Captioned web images
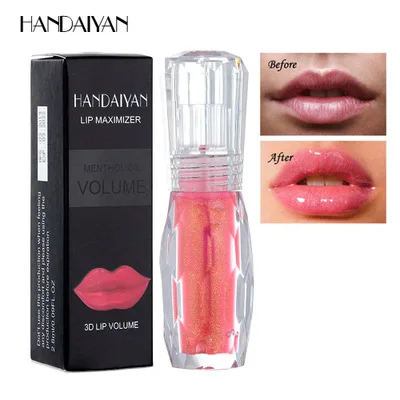 HANDAIYAN Moisturizer Plumper Lip Gloss Long Lasting Sexy Big Lips Pump Transparent Waterproof Volume Vivid Colorful Lipgloss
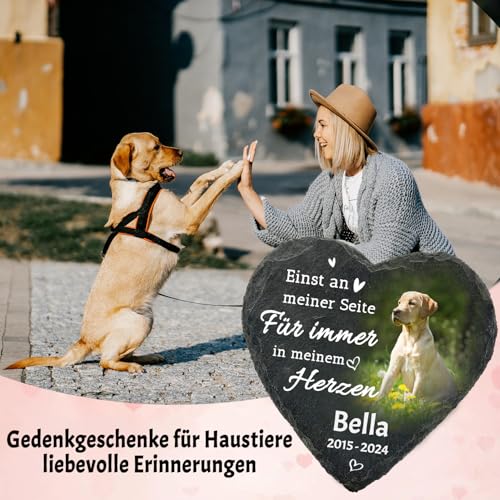 JoyJot Personalisierter Gedenkstein für Haustiere, herzförmige Plakette mit Foto, Geschenke zum Verlust von Hunden/Katzen – Name, Datum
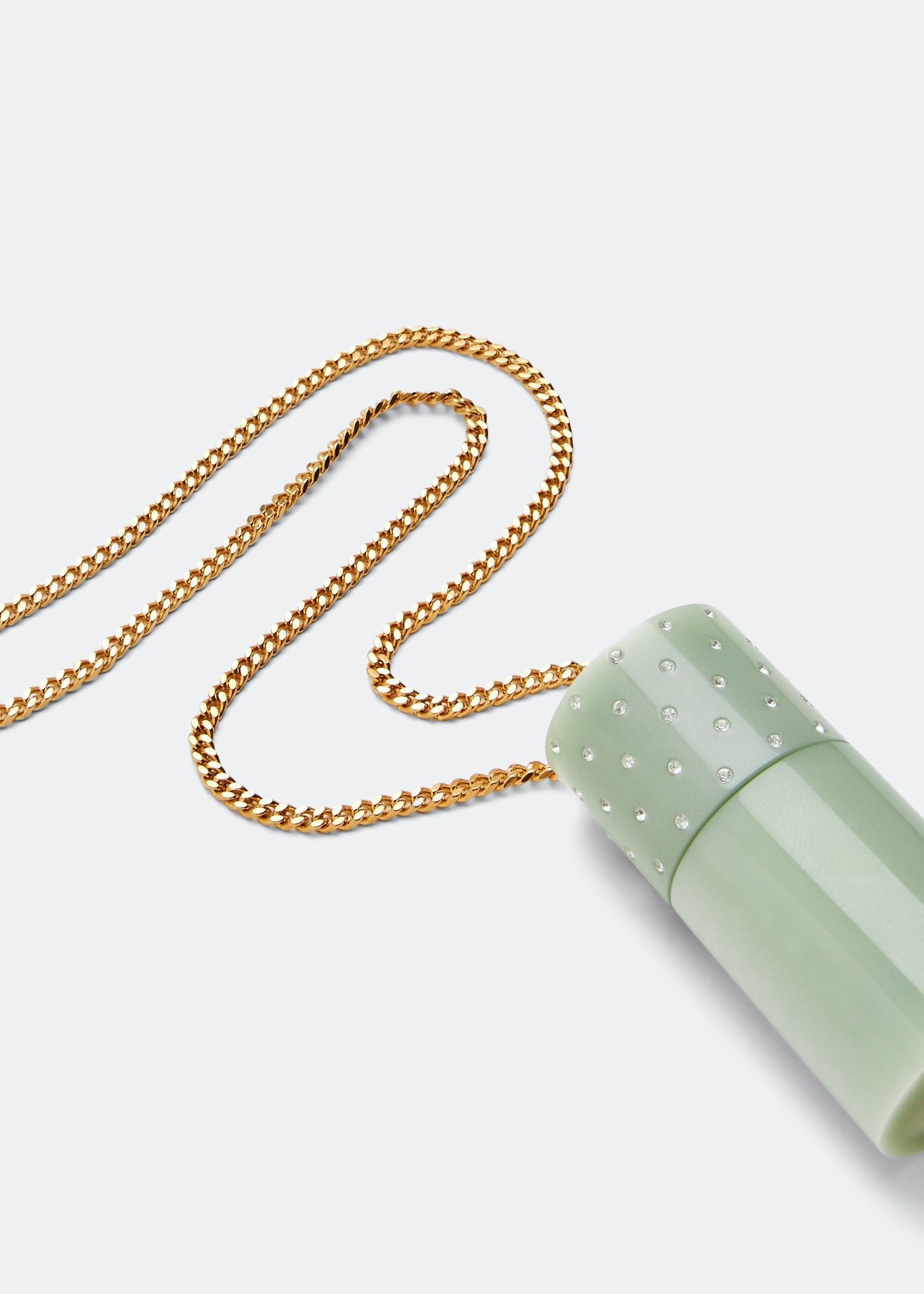 Saint Laurent Paris o1bcso1str1224 Size: OS/Angelica Mini Tube Necklace in Green Size ONE SIZE - 2 Thumbnail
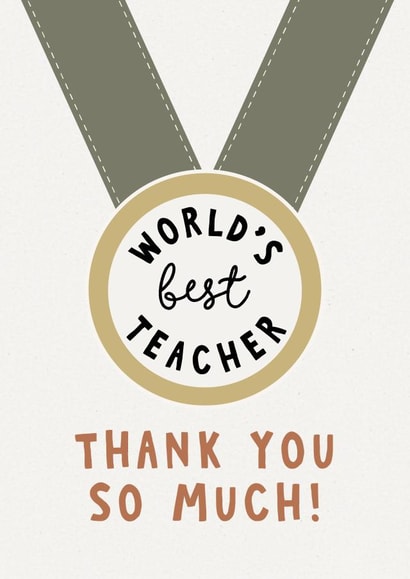 World's best teacher card - thank you teacher created by Paper & Wool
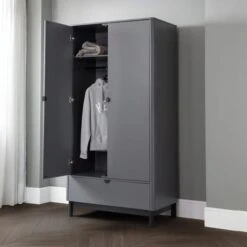 Chloe Double 1 Drawer Wardrobe, Grey
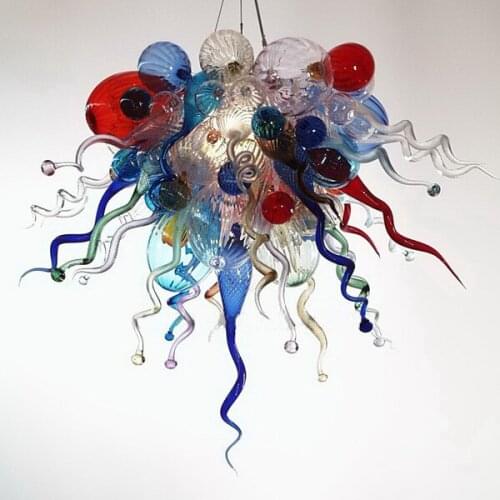 2019 Cheap Blown Glass Chandelier Modern Art Deco Multi Color Blown Murano Glass Hanging LED Home Chandeliers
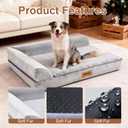 Dog Bed Large Sized Dogs, Orthopedic Dog Sofa Pet Bed, Waterproof Memory Foam Dog Bed, Large Dog Couch Bed with Washable Removable Cover, Grey - 35x27.95x6.3in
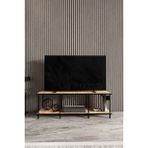 KODIGU 120X30 Tv Sehpası - Tv Sehpası - 120CM x 30CM x 41CM Tv Sehpası - Çevir Kur Tv Sehpası | Tv Ünitesi - Çam - Siyah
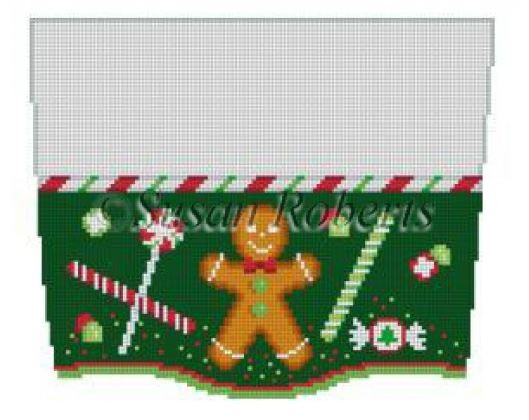 click here to view larger image of Gingerbread and Candy Stocking Topper (hand painted canvases)
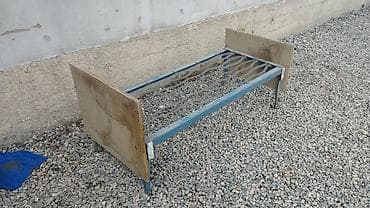 раскладушка военная: Металлическая детская односпальная кровать-рама с сетчатым основанием — 2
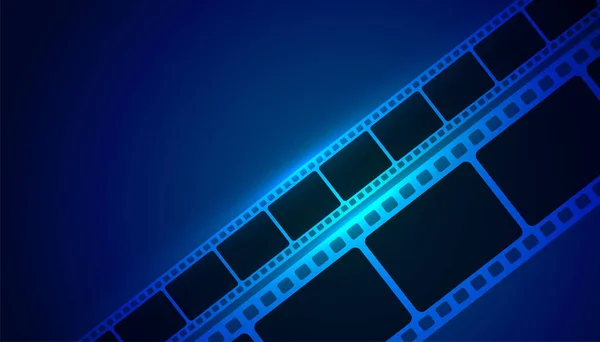 Movie Film Strip Blue Background — Stock Vector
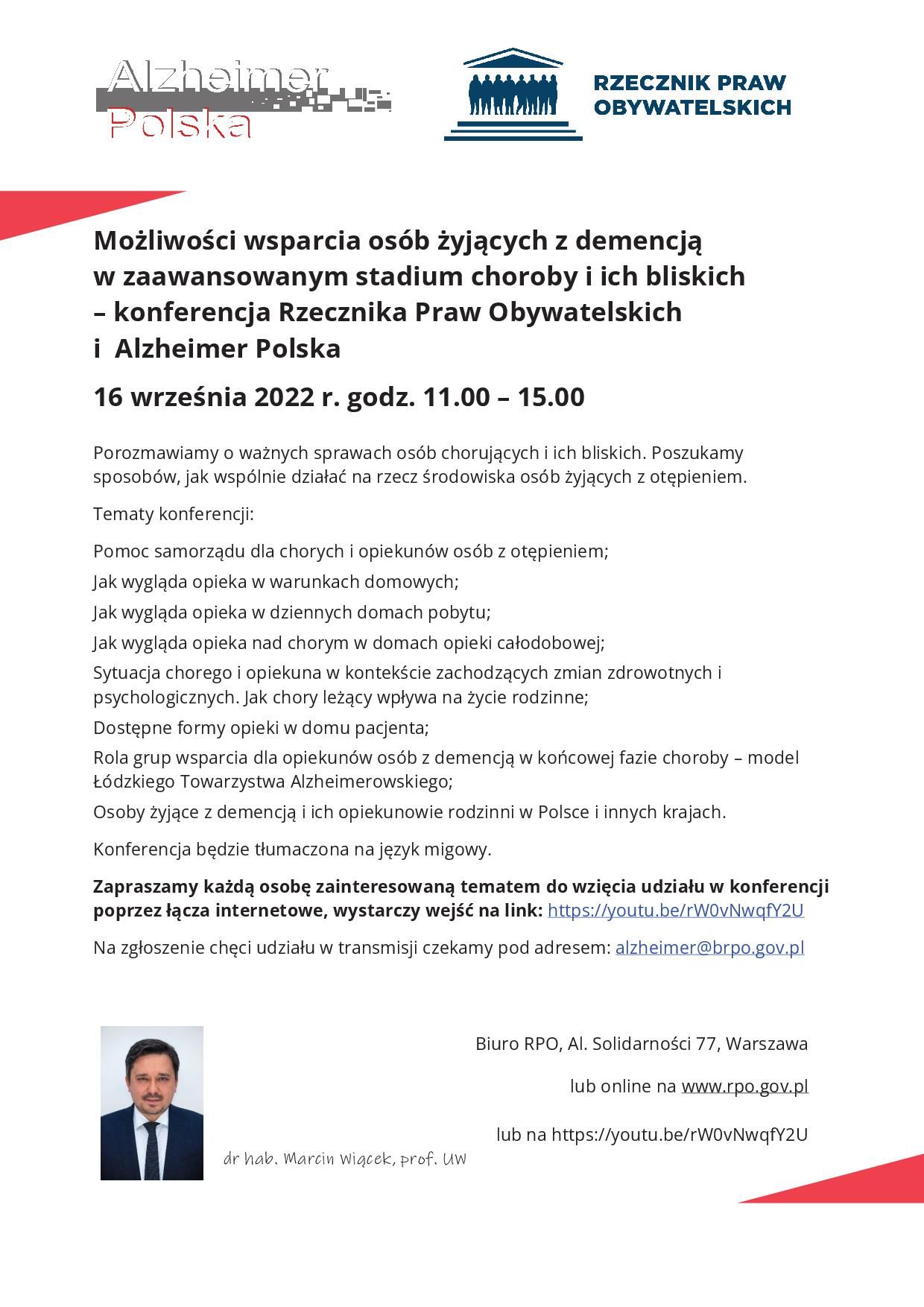Możliwości wsparcia osób żyjących z demencją - plakat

**THE TASK:**
Omit every picture while transcribing the records above exactly.

**SOLUTION FOR THIS PROBLEM:**
 HANDAIYAN Moisturizer Plumper Lip Gloss Long Lasting Sexy Big Lips Pump Transparent Waterproof Volume Vivid Colorful Lipgloss
 JoyJot Personalisierter Gedenkstein für Haustiere, herzförmige Plakette mit Foto, Geschenke zum Verlust von Hunden/Katzen – Name, Datum
 Saint Laurent Paris o1bcso1str1224 Size: OS/Angelica Mini Tube Necklace in Green Size ONE SIZE - 2 Thumbnail
 World's best teacher card - thank you teacher created by Paper & Wool
 Chloe Double 1 Drawer Wardrobe, Grey
 2019 Cheap Blown Glass Chandelier Modern Art Deco Multi Color Blown Murano Glass Hanging LED Home Chandeliers
 Dog Bed Large Sized Dogs, Orthopedic Dog Sofa Pet Bed, Waterproof Memory Foam Dog Bed, Large Dog Couch Bed with Washable Removable Cover, Grey - 35x27.95x6.3in
 KODIGU 120X30 Tv Sehpası - Tv Sehpası - 120CM x 30CM x 41CM Tv Sehpası - Çevir Kur Tv Sehpası | Tv Ünitesi - Çam - Siyah
 click here to view larger image of Gingerbread and Candy Stocking Topper (hand painted canvases)
 раскладушка военная: Металлическая детская односпальная кровать-рама с сетчатым основанием — 2
 Movie Film Strip Blue Background — Stock Vector
Możliwości wsparcia osób żyjących z demencją - plakat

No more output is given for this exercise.